What synthetic insight really is
Synthetic insight uses artificial intelligence to predict likely consumer responses, behaviours, or preferences based on patterns in training data. It can take several forms:
- Synthetic personas: AI-generated profiles representing consumer types based on aggregated data.
- Synthetic panels: Groups of synthetic respondents that mimic structured research samples to screen and prioritise ideas quickly.
- Digital twins: More advanced models of real consumers or segments, built from first- and third-party data, used for scenario testing and forecasting.
These approaches are not interchangeable.
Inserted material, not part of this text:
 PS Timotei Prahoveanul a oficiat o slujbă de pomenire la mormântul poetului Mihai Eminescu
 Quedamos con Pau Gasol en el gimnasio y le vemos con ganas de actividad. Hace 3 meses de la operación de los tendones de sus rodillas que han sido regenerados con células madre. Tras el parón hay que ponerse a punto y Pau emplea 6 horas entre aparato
They support different use cases, but all aim to improve speed, efficiency and decision-making.
Synthetic personas are typically used for early thinking and exploration, while digital twins are used for scenario testing and forecasting, often requiring stronger data foundations, governance and ongoing data inputs.
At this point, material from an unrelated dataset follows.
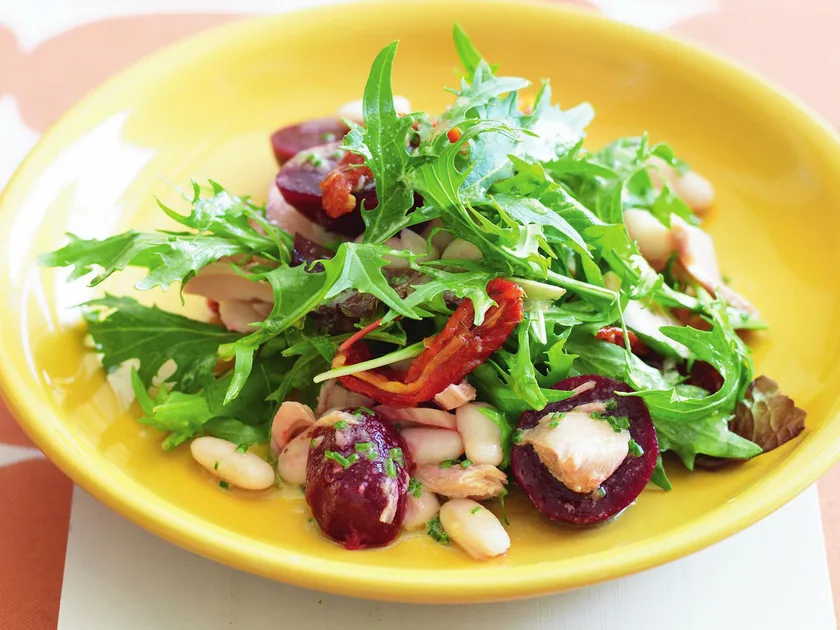 Tuna, beetroot and bean salad | Women's Weekly Food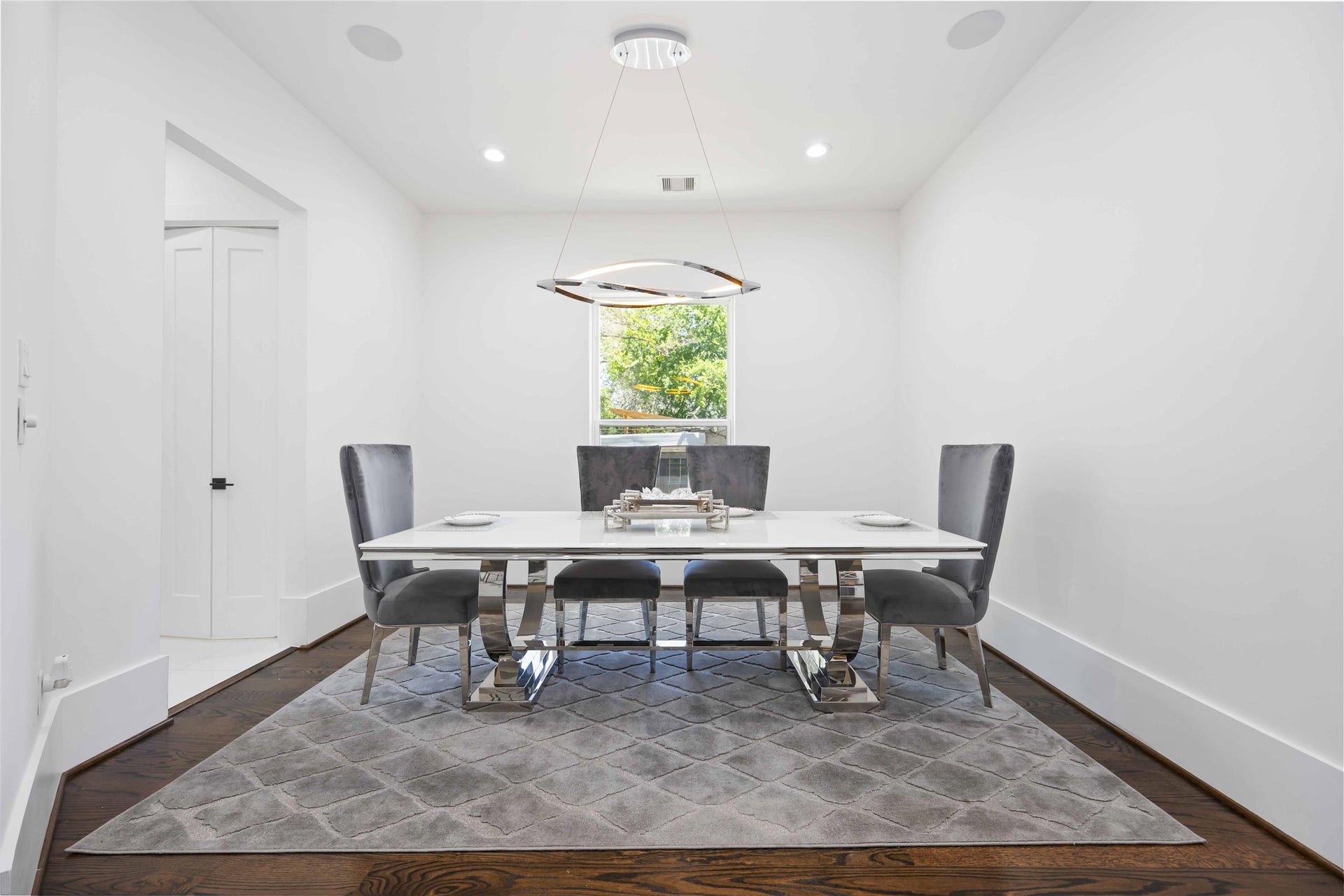 2310 Althea Drive, Houston, TX 77018 2310 Althea Drive, Houston, TX 77018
Understanding when to use each approach and how to combine them effectively, is critical.
Where synthetic insight works best
We are seeing the strongest early adoption in organisations with more mature data, insight and marketing capabilities, where teams operate at high velocity and manage large portfolios of brands and campaigns. The ability to screen ideas quickly before investing in full research is compelling.
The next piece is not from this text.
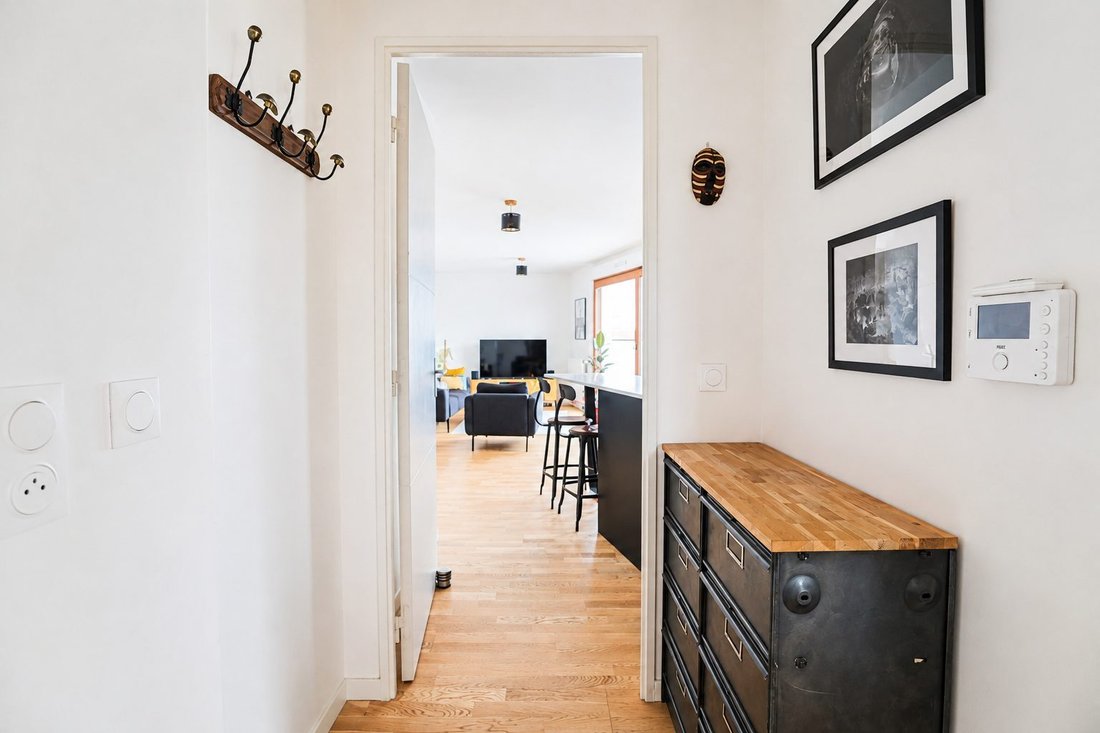 Apartment in Arrondissement of Bobigny, Ile-de-France, France 2 - 18766358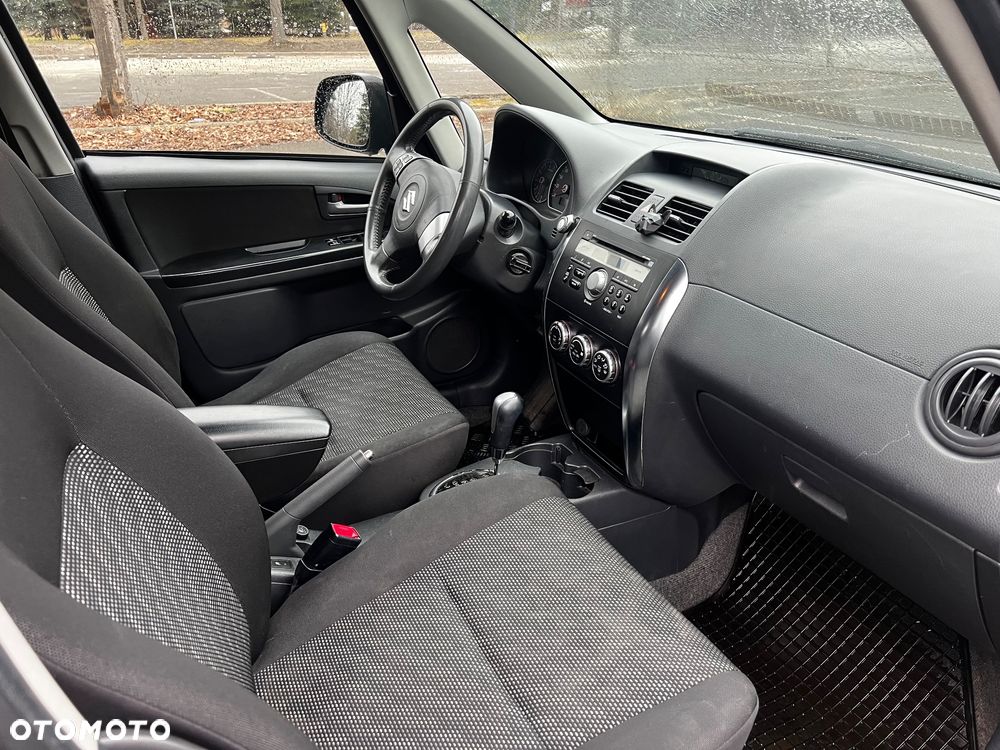 Suzuki SX4 - 12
But this is not limited to one sector. Organisations that test multiple propositions or campaigns, operate in fast-moving markets, face pressure to reduce time to market and have access to strong first-party data for more advanced or predictive applications can benefit from introducing synthetic insight deliberately. The key word being deliberately.
Synthetic insight is most powerful in early stages of decision-making. It can help teams:
- Narrow options before commissioning large studies
- Pressure-test assumptions in briefs
- Explore emerging opportunities
- Increase the throughput of ideas
- Rapidly screen concepts and messages
- Boost understanding of hard-to-reach or underrepresented groups
- Monitor consumer sentiment and validate emerging trends
It does not replace deep qualitative exploration, statistically robust quantitative research, or regulatory validation. Instead, it helps organisations use those investments more intelligently and can support quantitative approaches by strengthening samples and improving coverage.
Why blending matters
The most effective organisations do not choose between synthetic and traditional research. They design how the two work together.
Synthetic insight increases speed and focus. Human research provides nuance, context and confidence, including a deeper understanding of motivations and needs that are often not explicitly articulated.
Crucially, synthetic insight should not be accepted at face value. It requires expert interpretation, validation and benchmarking against real-world data to build confidence in its reliability.
Used together, they create a closed learning loop. Synthetic tools surface hypotheses and narrow choices. Human research validates, deepens and challenges those findings, helping to explain the ‘why’ behind behaviours. Performance data then feeds back into both.
This blended model reduces waste while protecting decision quality.
The limitations are real
Synthetic insight is not magic. It provides directional learning, not definitive answers.
Its effectiveness depends on:
- Data quality and representativeness
- Transparency of modeling approaches
- Clear governance and usage guardrails
- User understanding of what outputs mean
Just as importantly, it depends on starting with the right questions. As with any form of research, clear objectives and thoughtful framing are critical.
Synthetic outputs should not be accepted at face value. They require expert interpretation, critical thinking and benchmarking against real-world data to build confidence in their reliability.
Poorly calibrated models can amplify bias or create overconfidence. The organisations moving fastest are also the ones investing most heavily in data foundations, governance and the capability to interpret outputs effectively.
The technology is advancing quickly. But the differentiator will not be the tools alone. It will be how people use them. The shift is not just technical, but human. Teams must apply judgment, challenge outputs and bring a deep understanding of the consumer to turn data into meaningful insight.
A pragmatic path forward
We see leading organisations following a similar pattern:
- Start small: Pilot synthetic personas or panels in low-risk use cases.
- Blend intentionally: Combine outputs with traditional research rather than replacing it.
- Invest in data foundations: Strengthen first-party data and integration capabilities, while being mindful of biases in training data, cultural context and recency of inputs.
- Scale gradually: Introduce more advanced predictive capabilities, such as digital twins, as confidence grows.
This is not about leaping ahead. It is about building capability in line with data maturity and organisational readiness, with a clear understanding of the limitations and risks.
Synthetic insight is here to stay. The question is not whether to adopt it, but how. Organisations that move thoughtfully, rather than reactively, will increase speed and capacity without sacrificing confidence. And in a world where decision cycles continue to compress, that balance will become a competitive advantage.